▶ _The data_:
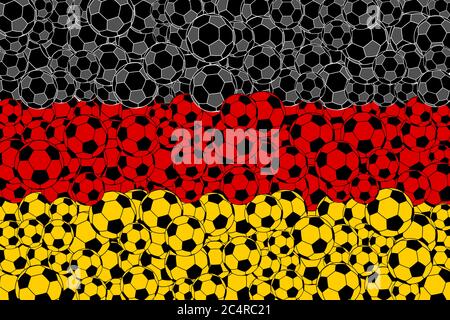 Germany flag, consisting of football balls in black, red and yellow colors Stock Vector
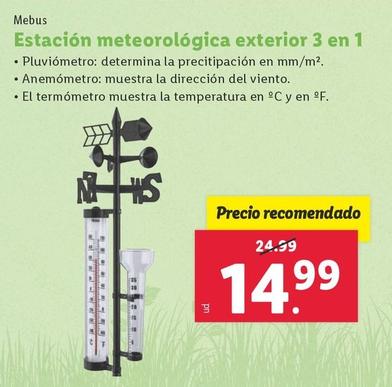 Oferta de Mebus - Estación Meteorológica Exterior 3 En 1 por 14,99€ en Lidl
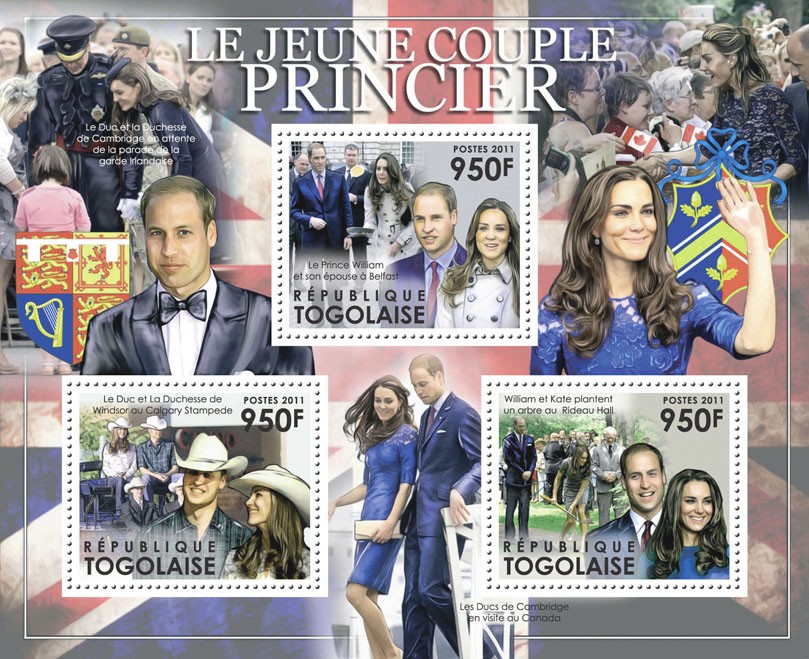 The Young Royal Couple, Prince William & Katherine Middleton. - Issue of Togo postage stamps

---

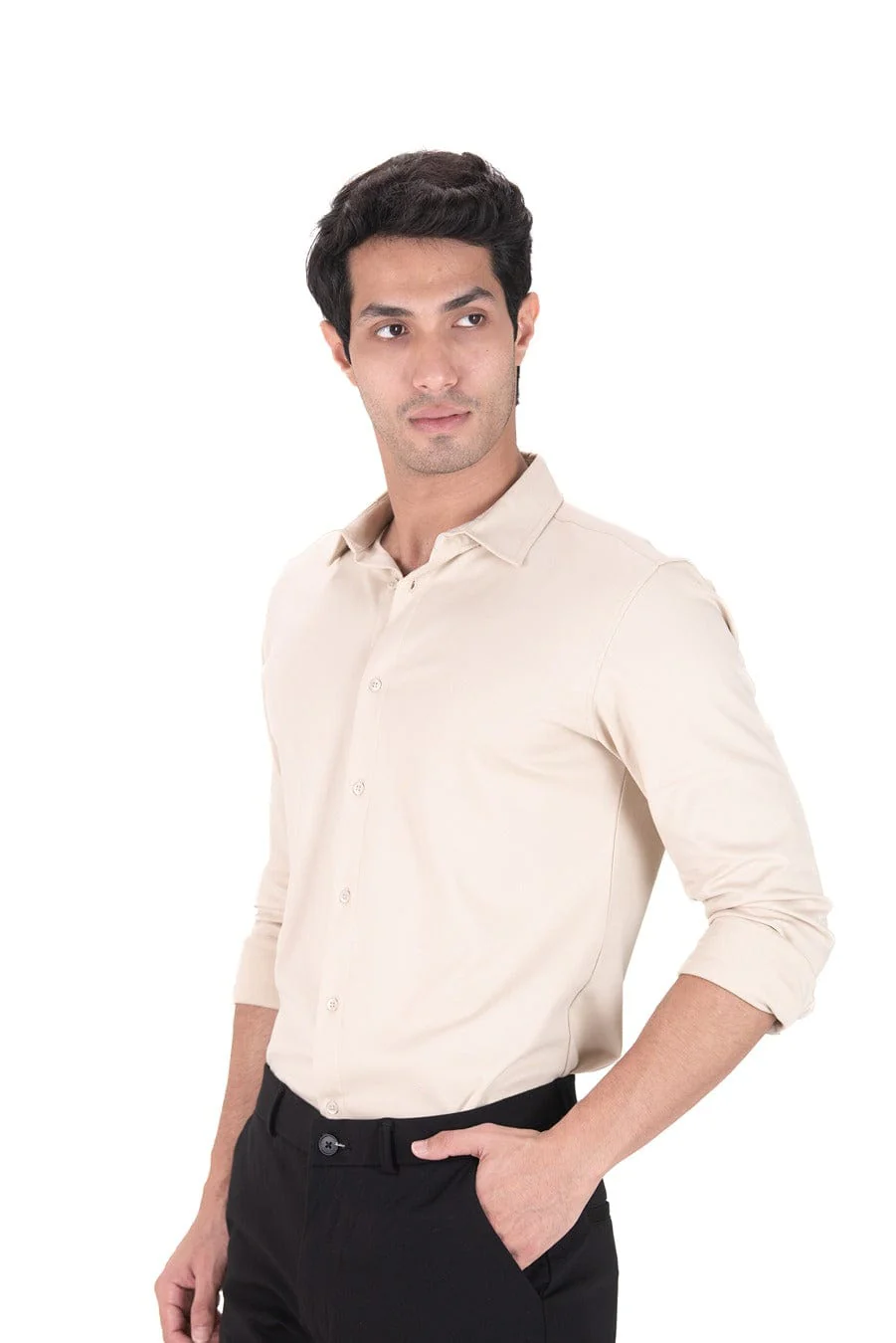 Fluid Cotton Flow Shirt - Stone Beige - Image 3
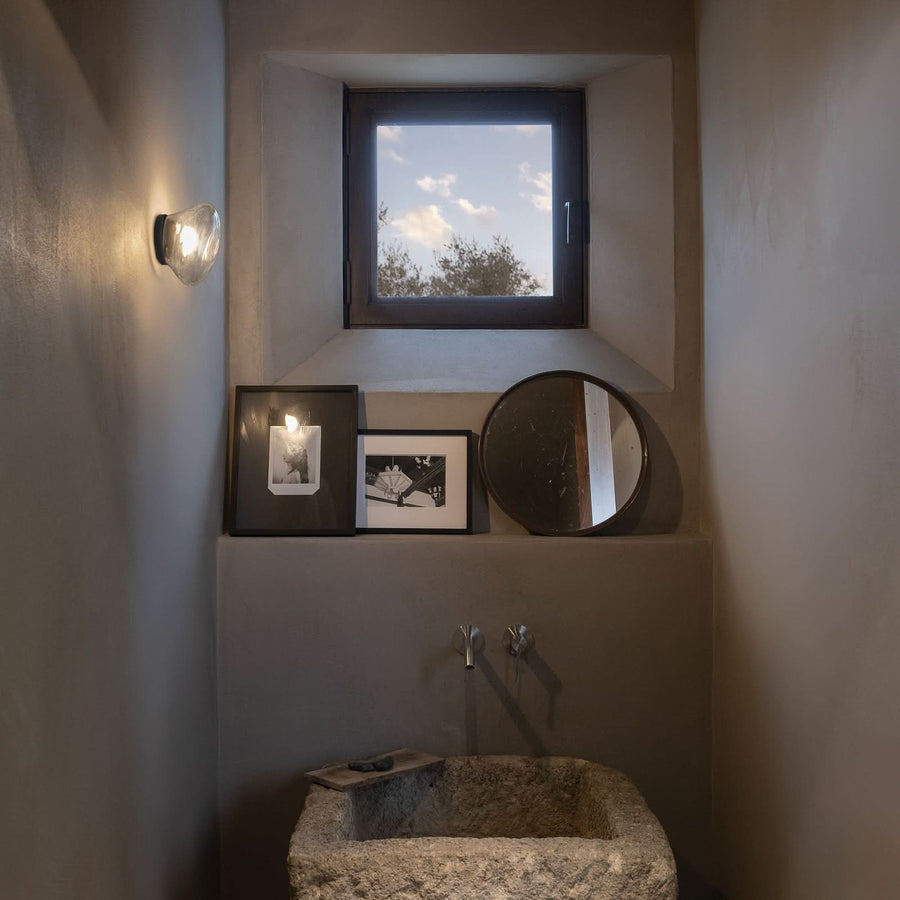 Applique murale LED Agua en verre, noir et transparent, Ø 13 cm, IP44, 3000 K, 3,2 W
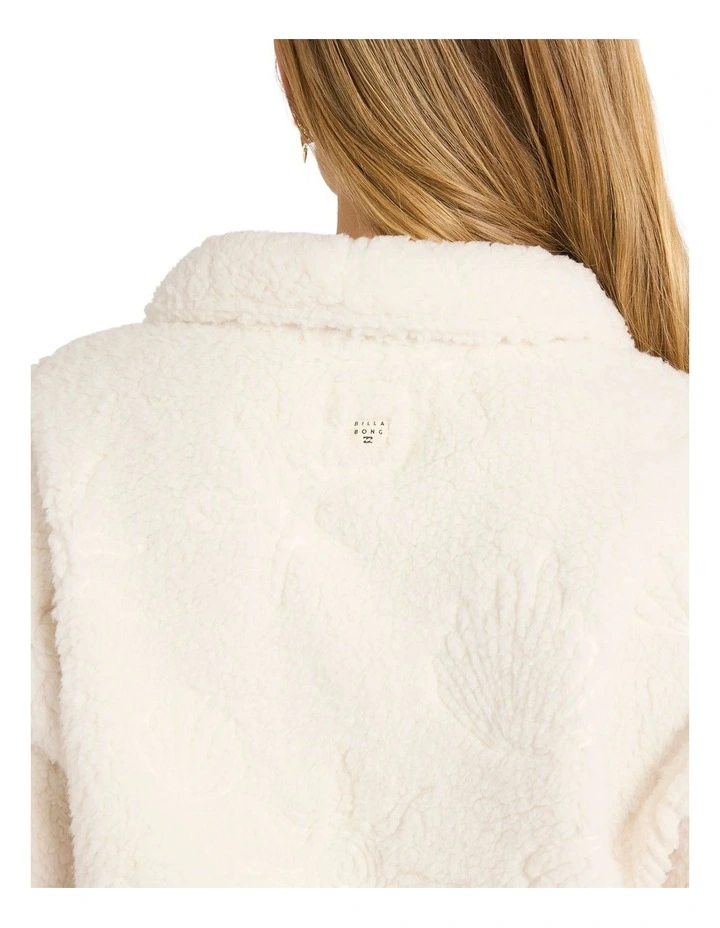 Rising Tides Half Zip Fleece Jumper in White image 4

▶ _Exercise directions_: Everything from the line with "Oferta de Mebus" through the line with "The Young Royal" in the material above should be transcribed exactly, except the pictures.

▶ _Expected answer_:
 Oferta de Mebus - Estación Meteorológica Exterior 3 En 1 por 14,99€ en Lidl
 The Young Royal Couple, Prince William & Katherine Middleton. - Issue of Togo postage stamps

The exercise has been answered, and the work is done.